Excerpted records —
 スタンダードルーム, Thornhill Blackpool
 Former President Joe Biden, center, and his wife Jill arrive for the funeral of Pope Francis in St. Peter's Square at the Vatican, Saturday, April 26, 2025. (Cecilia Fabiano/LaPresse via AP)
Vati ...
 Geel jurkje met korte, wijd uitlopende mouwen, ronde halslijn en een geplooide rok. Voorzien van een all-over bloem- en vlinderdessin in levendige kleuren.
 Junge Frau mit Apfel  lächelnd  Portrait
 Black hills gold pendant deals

---

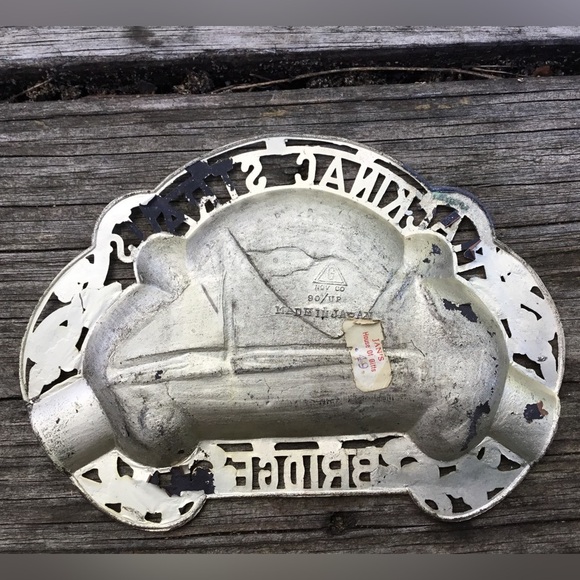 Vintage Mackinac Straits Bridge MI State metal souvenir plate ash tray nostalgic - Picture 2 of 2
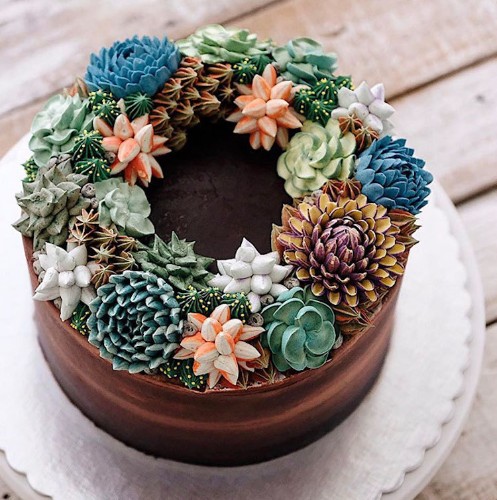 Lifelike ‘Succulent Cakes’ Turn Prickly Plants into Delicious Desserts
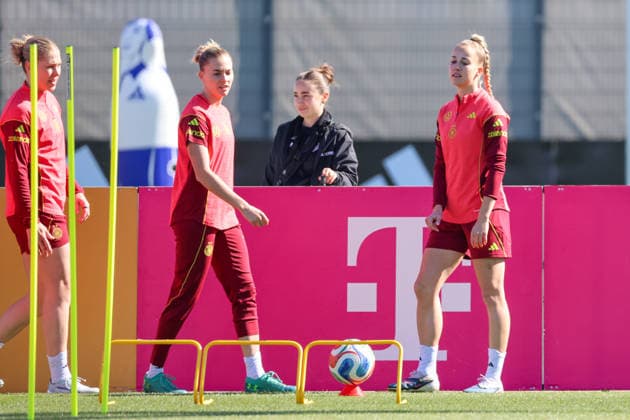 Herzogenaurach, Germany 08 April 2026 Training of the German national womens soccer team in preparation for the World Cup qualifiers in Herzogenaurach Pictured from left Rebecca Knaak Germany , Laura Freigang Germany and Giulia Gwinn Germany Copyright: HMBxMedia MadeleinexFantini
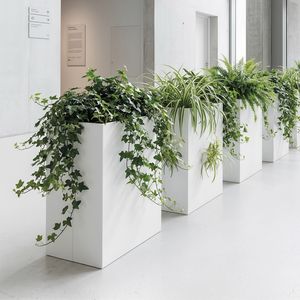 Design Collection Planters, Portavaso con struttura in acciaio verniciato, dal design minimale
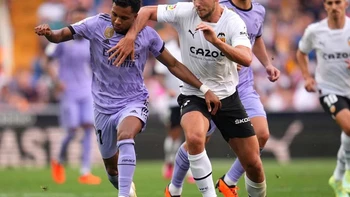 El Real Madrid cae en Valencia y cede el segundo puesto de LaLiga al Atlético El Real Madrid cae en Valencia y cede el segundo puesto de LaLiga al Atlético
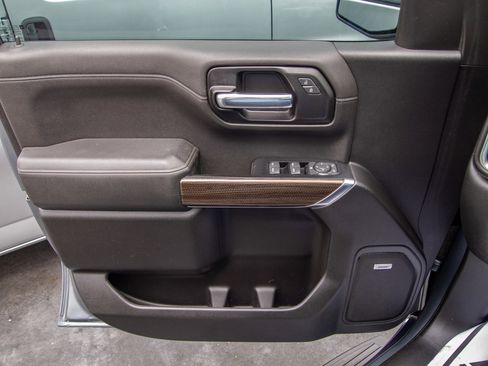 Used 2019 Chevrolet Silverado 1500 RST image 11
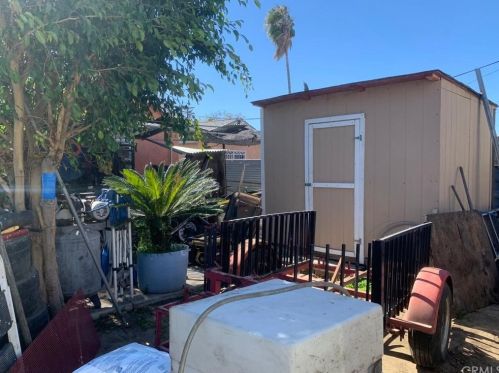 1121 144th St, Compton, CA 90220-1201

What you will do — Range to copy from the records above: the line containing "al Atlético El" to the line containing "1121 144th St, Compton, CA 90220-1201", both included. Output those lines exactly and only those, skipping pictures.

Your response —
 El Real Madrid cae en Valencia y cede el segundo puesto de LaLiga al Atlético El Real Madrid cae en Valencia y cede el segundo puesto de LaLiga al Atlético
 Used 2019 Chevrolet Silverado 1500 RST image 11
 1121 144th St, Compton, CA 90220-1201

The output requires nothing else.